The party leader insisted a future Labour administration would "restore the dream of home ownership" by scrapping stamp duty on homes worth up to £300,000 for first-time buyers south of the border.
He announced that a sixth promise - to deliver "homes to buy and action on rents" - was being added to the pledge card he launched earlier in the election campaign. The new pledge covers not only stamp duty but also limits on private rent rises in England, which he set out at the weekend.
Higher taxes will be imposed on foreign buyers and up to half of new homes will be earmarked for local residents trying to get a foot on the property ladder as part of Mr Miliband's plans to tackle what he termed a "housing crisis".

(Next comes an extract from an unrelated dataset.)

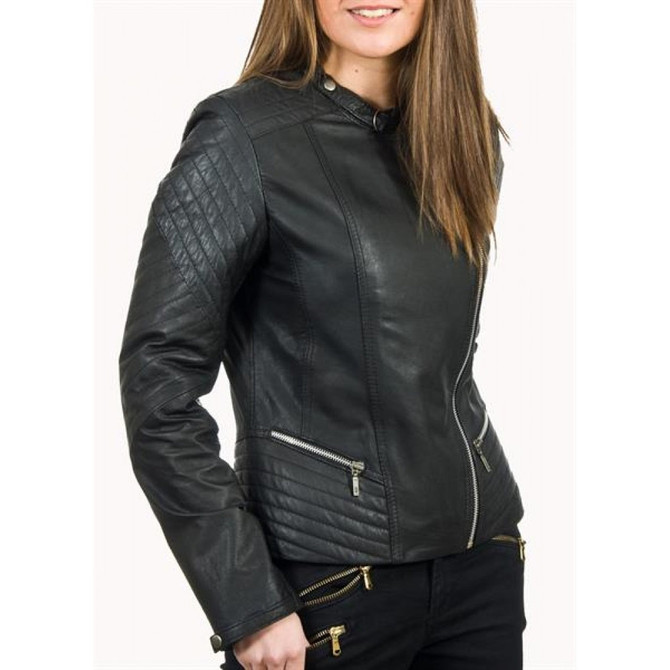 Women Biker Elegant Leather Black Jacket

Cutting stamp duty to zero over next three years would benefit nine out of 10 people buying their first home and could save up to £5000, according to Labour.
The plan would cost £225m a year, which, Mr Miliband explained, would be found through a series of tax-related measures.
But the Conservatives dismissed the proposal as "panicky and unfunded" while the Liberal Democrats said: "No-one should trust Labour to deliver this commitment because their sums simply do not add up."
Support for home ownership represents a bid by Labour to seize traditional Conservative territory after David Cameron revived the Thatcherite right to buy policy for housing association tenants in an attempt to win over voters struggling to enter the property market.
Mr Miliband derided Tories as a "party that used to say they were the party of home ownership" as he accused the Prime Minister of presiding over the lowest levels of housebuilding in peacetime since the 1920s and owner-occupation at its lowest level in 30 years.
"There's nothing more British than the dream of home-ownership," declared the Labour leader in a campaign speech in Stockton-on-Tees. "But for so many young people today that dream is fading with millions more renting when they want to buy, new properties being snapped up before local people get a look-in."
Under the new plans, Labour would change planning laws to introduce a "first call" policy that would give first-time buyers, who had lived in an area for more than three years, priority on up to half of local new homes.
It would also introduce a "local first" policy, that would stop properties being advertised overseas before they had been in the UK, so that "houses are lived in by families not bought up by speculators", stressed Mr Miliband.
But a Conservative spokesman said: "This panicky, unfunded announcement is something Labour have tried before and it failed.
"Coming from the people who crashed the housing market and repeatedly raised stamp duty, this won't distract from Ed Miliband's inability to say what deals he will make with the SNP to prop him up in Downing Street," he added.